You'll probably end up with some shift/reduce errors. You need to resolve these by looking at the bison output file pat.output. You'll see the states of the CFSM, along with the LR items that label those states and the actions for various lookahead symbols. If there's more than one action listed for a lookahead symbol, there's a shift-reduce error, i.e. an ambiguity as to what action to take. You can resolve those ambiguities by assigning the appropriate precedence (or associativity) to to the tokens involved in the shift-reduce errors. For example, if state 14 has this conflict :
```
state 14

    2 seq: seq . FOLD seq
    2    | seq FOLD seq .
    3    | seq . seq
    4    | seq . COLON NAME
    5    | seq . POP

    POP    shift, and go to state 9
    COLON  shift, and go to state 10
    ATOM   shift, and go to state 1
    NAME   shift, and go to state 2
    LB     shift, and go to state 3

    ATOM      [reduce using rule 2 (seq)]
    NAME      [reduce using rule 2 (seq)]
    LB        [reduce using rule 2 (seq)]
    $default  reduce using rule 2 (seq)

    seq  go to state 12
```
This state is saying that if there is a ATOM or NAME or LB token next, it doesn't know what to do: either shift or reduce (using rule 2).

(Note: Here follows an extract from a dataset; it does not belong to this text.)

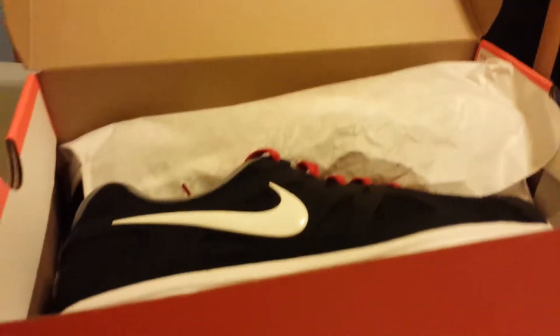I think that's a pretty good deal, we're about to see, you know? Gonna take the shoe out of the box. So far, man, I think it's pretty dope, you know what I'm saying?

I want to make sure that I do *not* reduce by "2 seq: seq FOLD seq •", since FOLD is supposed to have lowest precedence. Instead I want to shift an ATOM or NAME or LB so that I build up the seq on the right as well as the left before I finally reduce by the FOLD rule. If these tokens had some associativity assigned already, then that bison info that is quoted above (from the manual) tells me that associativity would resolve the conflict -- but not necessarily in the way I wanted. Instead, I should give ATOM, NAME and LB higher precedence than FOLD, and then bison will know to shift instead of reduce.

Exercises:

(electronic) Modify the pat.ypp so that there are only two non-terminals, as described above.
(written) What are the advantages to re-writing the grammar in this way?